---------- MATERIALS PROVIDED ----------

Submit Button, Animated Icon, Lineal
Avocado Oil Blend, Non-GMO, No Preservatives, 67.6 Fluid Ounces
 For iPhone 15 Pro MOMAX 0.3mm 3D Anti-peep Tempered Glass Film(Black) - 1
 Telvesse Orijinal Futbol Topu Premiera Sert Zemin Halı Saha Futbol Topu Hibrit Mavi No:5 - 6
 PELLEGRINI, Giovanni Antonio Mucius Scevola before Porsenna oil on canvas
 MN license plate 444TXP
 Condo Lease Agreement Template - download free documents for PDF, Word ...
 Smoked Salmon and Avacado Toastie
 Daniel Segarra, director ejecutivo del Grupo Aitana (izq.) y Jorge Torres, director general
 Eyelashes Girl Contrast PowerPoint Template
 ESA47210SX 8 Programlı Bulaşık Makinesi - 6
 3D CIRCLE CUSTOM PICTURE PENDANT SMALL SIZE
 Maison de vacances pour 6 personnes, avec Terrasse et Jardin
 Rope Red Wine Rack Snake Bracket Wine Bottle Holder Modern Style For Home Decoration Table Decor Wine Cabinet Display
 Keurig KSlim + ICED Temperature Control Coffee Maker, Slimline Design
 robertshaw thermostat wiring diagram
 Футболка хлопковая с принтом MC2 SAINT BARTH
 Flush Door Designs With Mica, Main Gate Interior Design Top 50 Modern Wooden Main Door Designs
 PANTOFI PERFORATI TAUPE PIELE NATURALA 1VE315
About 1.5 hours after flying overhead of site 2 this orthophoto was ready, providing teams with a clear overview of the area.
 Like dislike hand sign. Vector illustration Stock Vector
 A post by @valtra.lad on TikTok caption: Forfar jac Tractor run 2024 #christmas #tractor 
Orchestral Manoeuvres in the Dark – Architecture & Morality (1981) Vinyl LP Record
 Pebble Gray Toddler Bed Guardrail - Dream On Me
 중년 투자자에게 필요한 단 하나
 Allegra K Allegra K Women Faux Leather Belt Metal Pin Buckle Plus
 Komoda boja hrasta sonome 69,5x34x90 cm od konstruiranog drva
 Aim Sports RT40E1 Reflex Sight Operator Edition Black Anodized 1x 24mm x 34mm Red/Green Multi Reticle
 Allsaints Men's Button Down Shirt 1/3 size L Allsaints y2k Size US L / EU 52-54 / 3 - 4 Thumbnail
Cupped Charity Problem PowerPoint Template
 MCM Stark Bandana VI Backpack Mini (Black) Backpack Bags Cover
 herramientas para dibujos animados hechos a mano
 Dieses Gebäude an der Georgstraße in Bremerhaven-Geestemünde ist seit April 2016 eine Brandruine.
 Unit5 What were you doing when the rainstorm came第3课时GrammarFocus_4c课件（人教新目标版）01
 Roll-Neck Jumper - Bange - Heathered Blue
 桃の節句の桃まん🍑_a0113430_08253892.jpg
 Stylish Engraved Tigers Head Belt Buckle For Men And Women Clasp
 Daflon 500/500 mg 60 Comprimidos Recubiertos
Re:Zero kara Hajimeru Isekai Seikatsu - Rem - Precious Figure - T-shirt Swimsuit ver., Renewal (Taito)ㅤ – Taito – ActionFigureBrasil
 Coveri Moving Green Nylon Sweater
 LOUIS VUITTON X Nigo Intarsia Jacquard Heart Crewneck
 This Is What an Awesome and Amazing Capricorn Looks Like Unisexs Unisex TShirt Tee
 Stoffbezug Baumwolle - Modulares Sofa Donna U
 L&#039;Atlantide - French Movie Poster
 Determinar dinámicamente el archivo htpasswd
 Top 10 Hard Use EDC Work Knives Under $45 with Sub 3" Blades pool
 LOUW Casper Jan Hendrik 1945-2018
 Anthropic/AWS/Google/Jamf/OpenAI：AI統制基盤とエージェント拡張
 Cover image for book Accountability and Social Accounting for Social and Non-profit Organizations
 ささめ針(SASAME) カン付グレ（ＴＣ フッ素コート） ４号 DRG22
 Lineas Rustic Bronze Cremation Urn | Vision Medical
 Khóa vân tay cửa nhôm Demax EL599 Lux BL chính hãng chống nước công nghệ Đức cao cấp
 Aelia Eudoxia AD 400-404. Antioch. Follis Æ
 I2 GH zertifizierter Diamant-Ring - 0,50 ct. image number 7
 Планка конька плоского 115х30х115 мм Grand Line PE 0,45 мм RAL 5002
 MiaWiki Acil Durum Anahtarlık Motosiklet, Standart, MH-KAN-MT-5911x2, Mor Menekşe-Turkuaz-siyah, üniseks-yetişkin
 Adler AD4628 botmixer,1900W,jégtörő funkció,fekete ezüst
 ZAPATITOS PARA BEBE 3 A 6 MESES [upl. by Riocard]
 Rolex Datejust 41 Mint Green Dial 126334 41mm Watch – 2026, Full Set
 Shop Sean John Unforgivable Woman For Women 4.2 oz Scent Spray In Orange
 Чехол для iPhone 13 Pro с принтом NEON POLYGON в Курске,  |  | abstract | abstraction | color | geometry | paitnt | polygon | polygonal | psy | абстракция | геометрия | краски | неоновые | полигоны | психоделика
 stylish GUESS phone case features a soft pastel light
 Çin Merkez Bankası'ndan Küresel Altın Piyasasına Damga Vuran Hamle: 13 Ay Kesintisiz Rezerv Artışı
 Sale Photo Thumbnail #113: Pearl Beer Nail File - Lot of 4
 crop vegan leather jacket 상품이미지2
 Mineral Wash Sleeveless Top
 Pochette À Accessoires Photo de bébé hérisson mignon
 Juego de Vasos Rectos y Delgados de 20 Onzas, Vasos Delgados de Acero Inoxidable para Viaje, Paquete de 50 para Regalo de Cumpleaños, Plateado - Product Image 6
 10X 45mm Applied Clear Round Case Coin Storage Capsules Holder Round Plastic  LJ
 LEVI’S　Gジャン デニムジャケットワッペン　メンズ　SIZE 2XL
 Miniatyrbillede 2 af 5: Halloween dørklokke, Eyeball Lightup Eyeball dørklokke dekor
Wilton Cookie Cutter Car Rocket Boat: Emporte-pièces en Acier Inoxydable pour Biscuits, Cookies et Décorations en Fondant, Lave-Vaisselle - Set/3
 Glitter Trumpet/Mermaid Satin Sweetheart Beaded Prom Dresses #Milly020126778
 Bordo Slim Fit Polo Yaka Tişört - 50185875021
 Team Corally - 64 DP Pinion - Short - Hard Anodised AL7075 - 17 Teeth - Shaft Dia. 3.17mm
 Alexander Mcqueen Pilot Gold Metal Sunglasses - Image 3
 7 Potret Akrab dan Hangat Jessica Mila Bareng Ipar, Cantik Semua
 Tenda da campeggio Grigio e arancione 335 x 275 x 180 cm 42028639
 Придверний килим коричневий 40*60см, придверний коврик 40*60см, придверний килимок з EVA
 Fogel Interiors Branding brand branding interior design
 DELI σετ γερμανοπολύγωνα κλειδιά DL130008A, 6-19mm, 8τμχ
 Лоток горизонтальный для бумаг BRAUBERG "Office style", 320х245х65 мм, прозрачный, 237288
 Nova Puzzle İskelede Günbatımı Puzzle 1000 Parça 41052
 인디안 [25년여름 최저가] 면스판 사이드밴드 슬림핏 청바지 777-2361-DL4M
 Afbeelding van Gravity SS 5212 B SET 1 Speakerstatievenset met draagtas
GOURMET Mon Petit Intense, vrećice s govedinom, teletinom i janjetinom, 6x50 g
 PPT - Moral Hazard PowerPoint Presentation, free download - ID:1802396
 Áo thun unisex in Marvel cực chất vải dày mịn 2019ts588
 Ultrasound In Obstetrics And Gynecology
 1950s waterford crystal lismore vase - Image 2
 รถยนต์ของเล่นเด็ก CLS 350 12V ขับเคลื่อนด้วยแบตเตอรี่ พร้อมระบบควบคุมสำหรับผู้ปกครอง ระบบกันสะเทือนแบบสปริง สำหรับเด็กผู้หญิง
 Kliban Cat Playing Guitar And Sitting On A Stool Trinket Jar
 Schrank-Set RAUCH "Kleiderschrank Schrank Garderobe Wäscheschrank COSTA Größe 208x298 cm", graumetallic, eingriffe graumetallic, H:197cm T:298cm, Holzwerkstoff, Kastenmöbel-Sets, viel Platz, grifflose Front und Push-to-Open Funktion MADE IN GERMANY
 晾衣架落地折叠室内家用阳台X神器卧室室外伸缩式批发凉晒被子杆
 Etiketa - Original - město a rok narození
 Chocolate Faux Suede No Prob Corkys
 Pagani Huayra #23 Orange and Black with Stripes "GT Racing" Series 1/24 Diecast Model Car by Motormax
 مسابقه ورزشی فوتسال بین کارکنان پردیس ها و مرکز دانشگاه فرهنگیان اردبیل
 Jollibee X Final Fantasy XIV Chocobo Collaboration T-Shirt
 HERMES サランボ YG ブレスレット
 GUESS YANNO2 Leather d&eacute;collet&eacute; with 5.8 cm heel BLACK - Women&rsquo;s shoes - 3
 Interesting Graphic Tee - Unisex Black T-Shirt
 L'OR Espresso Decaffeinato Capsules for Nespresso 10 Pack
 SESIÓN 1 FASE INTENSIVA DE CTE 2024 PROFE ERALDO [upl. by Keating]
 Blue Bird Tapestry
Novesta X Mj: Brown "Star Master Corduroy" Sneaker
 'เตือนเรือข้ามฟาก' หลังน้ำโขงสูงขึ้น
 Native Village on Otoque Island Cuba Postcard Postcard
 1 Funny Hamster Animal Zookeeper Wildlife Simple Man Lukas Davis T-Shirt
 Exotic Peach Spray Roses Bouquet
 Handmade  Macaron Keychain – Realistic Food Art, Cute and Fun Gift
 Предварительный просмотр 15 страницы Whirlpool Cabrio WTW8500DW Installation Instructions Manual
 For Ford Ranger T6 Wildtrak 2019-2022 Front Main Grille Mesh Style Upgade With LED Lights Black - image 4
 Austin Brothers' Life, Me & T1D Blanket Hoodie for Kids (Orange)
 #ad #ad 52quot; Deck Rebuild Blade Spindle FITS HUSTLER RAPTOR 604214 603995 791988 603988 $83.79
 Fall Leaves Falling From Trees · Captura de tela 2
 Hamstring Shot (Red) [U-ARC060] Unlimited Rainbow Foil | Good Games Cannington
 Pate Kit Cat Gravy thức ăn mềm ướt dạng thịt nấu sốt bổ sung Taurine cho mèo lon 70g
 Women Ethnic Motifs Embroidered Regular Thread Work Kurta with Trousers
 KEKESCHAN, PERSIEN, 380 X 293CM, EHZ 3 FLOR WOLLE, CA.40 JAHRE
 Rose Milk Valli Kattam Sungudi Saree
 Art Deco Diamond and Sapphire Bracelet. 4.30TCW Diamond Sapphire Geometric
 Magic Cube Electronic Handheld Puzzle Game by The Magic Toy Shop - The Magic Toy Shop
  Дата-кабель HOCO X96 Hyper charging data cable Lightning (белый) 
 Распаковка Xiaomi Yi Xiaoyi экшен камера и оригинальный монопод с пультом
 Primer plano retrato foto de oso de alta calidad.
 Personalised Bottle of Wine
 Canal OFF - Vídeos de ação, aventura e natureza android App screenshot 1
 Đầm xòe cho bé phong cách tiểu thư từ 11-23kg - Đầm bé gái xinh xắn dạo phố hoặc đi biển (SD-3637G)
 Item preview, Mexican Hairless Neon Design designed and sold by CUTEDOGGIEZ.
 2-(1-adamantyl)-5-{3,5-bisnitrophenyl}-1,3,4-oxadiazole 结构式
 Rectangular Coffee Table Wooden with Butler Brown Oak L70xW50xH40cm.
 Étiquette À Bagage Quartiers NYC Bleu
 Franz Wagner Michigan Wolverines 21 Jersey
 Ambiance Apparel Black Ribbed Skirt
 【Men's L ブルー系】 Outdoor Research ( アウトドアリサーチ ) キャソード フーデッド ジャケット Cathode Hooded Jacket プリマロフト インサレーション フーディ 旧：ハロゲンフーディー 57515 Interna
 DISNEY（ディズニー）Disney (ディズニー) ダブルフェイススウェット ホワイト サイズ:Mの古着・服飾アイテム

----------

WHAT NEEDS TO BE DONE: Retype the portion of the data above that starts on the line with "MADE IN GERMANY" and finishes on the line with "Предварительный просмотр 15", including both of those lines.

RESULT:
 Schrank-Set RAUCH "Kleiderschrank Schrank Garderobe Wäscheschrank COSTA Größe 208x298 cm", graumetallic, eingriffe graumetallic, H:197cm T:298cm, Holzwerkstoff, Kastenmöbel-Sets, viel Platz, grifflose Front und Push-to-Open Funktion MADE IN GERMANY
 晾衣架落地折叠室内家用阳台X神器卧室室外伸缩式批发凉晒被子杆
 Etiketa - Original - město a rok narození
 Chocolate Faux Suede No Prob Corkys
 Pagani Huayra #23 Orange and Black with Stripes "GT Racing" Series 1/24 Diecast Model Car by Motormax
 مسابقه ورزشی فوتسال بین کارکنان پردیس ها و مرکز دانشگاه فرهنگیان اردبیل
 Jollibee X Final Fantasy XIV Chocobo Collaboration T-Shirt
 HERMES サランボ YG ブレスレット
 GUESS YANNO2 Leather d&eacute;collet&eacute; with 5.8 cm heel BLACK - Women&rsquo;s shoes - 3
 Interesting Graphic Tee - Unisex Black T-Shirt
 L'OR Espresso Decaffeinato Capsules for Nespresso 10 Pack
 SESIÓN 1 FASE INTENSIVA DE CTE 2024 PROFE ERALDO [upl. by Keating]
 Blue Bird Tapestry
Novesta X Mj: Brown "Star Master Corduroy" Sneaker
 'เตือนเรือข้ามฟาก' หลังน้ำโขงสูงขึ้น
 Native Village on Otoque Island Cuba Postcard Postcard
 1 Funny Hamster Animal Zookeeper Wildlife Simple Man Lukas Davis T-Shirt
 Exotic Peach Spray Roses Bouquet
 Handmade  Macaron Keychain – Realistic Food Art, Cute and Fun Gift
 Предварительный просмотр 15 страницы Whirlpool Cabrio WTW8500DW Installation Instructions Manual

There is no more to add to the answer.